I said "SMACK" , as he indicated a self defensive murder.

> But I do understand the sentiment and agree. There's altogether too little respect for, and understanding of
> nature's real role in the scheme of life.

I agree . And as far as I can understand such mysteries or am willing to accept with out being able to understand.
"nature" *is* life, and the "scheme" (imho) seems to be one of living and dying in order to affect mutational change.
To just what end that change is directed to, is of course, *part* of the great mystery we find ourselves invested in,
Or in other words, the two great mysteries of being born and dying we presently are simultaneously coming from and
going to.


> We seem to think that we're above nature and entitled to dicker with it at our whim. What most people don't get is
> that we ARE nature and when we dicker with it, we ultimately dicker with ourselves.

My personal conviction is that "nature" is us, but not that we are nature.
I also think that this is mans fundamental misperception. That is, that he sees him self as the supreme conglomeration
just because he realizes that he can see. What he doesn't seem to see
is that there is more to seeing than meets the eye at first glance. He has assumed that the miracle of vision has
automatically endowed him with supremacy and understanding.
That because he can see by understanding part of the process, that means his assumptions about the rest are correct.
" Seeing " however , entails more things than how far, or how small, or how long in time one perceives, and even that
one can perceive. What a loaf of bread looks like usually depends on how hungry we are.
What a loaf of bread looks like however, actually depends more on what it actually is
as opposed to what it is perceived to look like in the eye of the beholder. To understand it
by looking at it is to remove one's self out side the body that it and we are part of .
To look in at it , as opposed to seeing with it , Is to stand outside rather than reside in the merging process that
we and the bread are a part of.


>
> Still, I can't say I'd willingly donate blood to mosquitos, or let crickets live in my house.
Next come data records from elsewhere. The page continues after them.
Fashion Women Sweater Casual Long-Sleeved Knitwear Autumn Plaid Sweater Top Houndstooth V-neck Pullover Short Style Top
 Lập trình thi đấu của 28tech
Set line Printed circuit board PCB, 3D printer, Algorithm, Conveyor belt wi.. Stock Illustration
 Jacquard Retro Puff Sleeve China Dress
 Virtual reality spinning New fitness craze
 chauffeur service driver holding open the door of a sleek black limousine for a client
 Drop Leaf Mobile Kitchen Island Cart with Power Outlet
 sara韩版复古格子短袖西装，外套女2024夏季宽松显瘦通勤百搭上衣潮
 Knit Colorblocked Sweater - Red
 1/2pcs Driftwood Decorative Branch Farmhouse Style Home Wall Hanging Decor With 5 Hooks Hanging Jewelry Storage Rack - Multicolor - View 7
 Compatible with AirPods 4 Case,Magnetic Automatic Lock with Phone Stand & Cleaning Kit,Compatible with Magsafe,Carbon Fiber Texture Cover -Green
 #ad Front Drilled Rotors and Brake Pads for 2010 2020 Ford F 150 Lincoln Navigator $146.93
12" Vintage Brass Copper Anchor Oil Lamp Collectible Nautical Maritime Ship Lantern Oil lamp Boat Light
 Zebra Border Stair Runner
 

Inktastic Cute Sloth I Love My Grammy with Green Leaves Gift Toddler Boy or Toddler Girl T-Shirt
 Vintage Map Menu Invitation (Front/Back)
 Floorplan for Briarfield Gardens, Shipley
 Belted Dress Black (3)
Spiders yes, house
> centipedes yes ... but most others are not welcome in the house.

I agree. I installed to door so's I could be undisturbed in some areas.
I just consider that they all can't read the signs, and gently round them up and place them back outside the
perimeters.
I do get annoyed by the time it takes out of what I have been allotted, but the alternative seems to be blood, er..
juice on my hands. Plus their little bity screams haunt me. I mean it's bad enough with the herds of cattle and the
other critters all screaming cause of me. I don't need the whine of little insect voices adding to the din..

>
>
> The most incredible thing .... something that is most welcome ... just happpened. They usually emerge in the
> morning, but an Eastern Black Swallowtail just emerged from its chrysalis in one of the bug boxes on the
> windowsill ... in the dead of night! Very unusual. It's absolutely gorgeous! I'll try to get a shot before I
> release it tomorrow.

Thanking you for helping save my soul for another day with the thought of that image.

>
>
> I'm hoping this means that summer will last at least another month ... and that all those horny crickets chirping
> out there get laid!
>
> Ether

I pray for change..... Continually !

don wheeler

Don Wheeler

unread,
Sep 7, 2003, 9:03:25 AM9/7/03
to

> Bill Cleere wrote:
> I'd like to tell my funny snail story, but I don't want to offend anybody who
> is opposed to the offing of snails, so I will wait for permission.
>
> -- Bill Cleere

I will make a point of cross posting your reply when you do to
alt.great.french.chefs.confessions

Bill Cleere

unread,
Sep 7, 2003, 1:19:44 PM9/7/03
to

"Ether St. Vying" <n...@all.eh> wrote in message
news:3F5AE364...@all.eh...

OK. So, I was reading a book about the North Africa
campaign in World War II. There was a very vivid
description by a British tank commander of the aftermath
of the vicious, confused engagement at Sidi Barana. He
described going back over the battlefield with his unit
and seeing where a Panzer detachment advancing in
line had been hit by concealed 25-pounder howitzers.
The burned-out hulks looked as if they were lined up in
parade-ground formation.

I put the book down and went out on the apartment patio.
My wife had sprinkled some salt on the dirt in front of
our potted plants. There was a perfect row of dried-up
snail shells, looking for all the world as if they had been
hit by artillery inches from the walls of the fort.

It was rather creepy.

-- Bill Cleere


Ether St. Vying

unread,
Sep 11, 2003, 5:17:25 AM9/11/03
to
Bill Cleere wrote:

In an amusing kind of way. An illustration of how life imitates art, timing is
everything, and war is war.

Ether


Ether St. Vying

unread,
Sep 11, 2003, 5:17:44 AM9/11/03
to
Don Wheeler wrote:

> "Ether St. Vying" wrote:
>
> > Don Wheeler wrote:
> >
> > > "Ether St. Vying" wrote:
> > >
> > > > Bill Cleere wrote:
> > > >
> > > > > "Ether St. Vying" <temp...@caveatemptor.eh> wrote in message news:<3F55A9E2...@caveatemptor.eh>...
> > > > > > The page is up:
> > > > > > http://home.ca.inter.net/~stevedor/EGarden4.html
> >
>
> ( forgive please for the sake of time and space my sniping major portions of your
> lovely prose about singing crickets and squishing bugs )
>
> >
> > > YUCKY SUCKY.......
> >
> > Nah. In nature everything feeds on everything else. Life as we know it rose from metablic waste (read shit) and
> > death. Nothing is wasted in nature. Everything is recycled ... and even in that, beauty is in the eye of the
> > beholder.
>
> Does that mean you are going to scrape the little bugger onto a cracker and eat 'em
> or stitch together his little wing casings into a pouch ?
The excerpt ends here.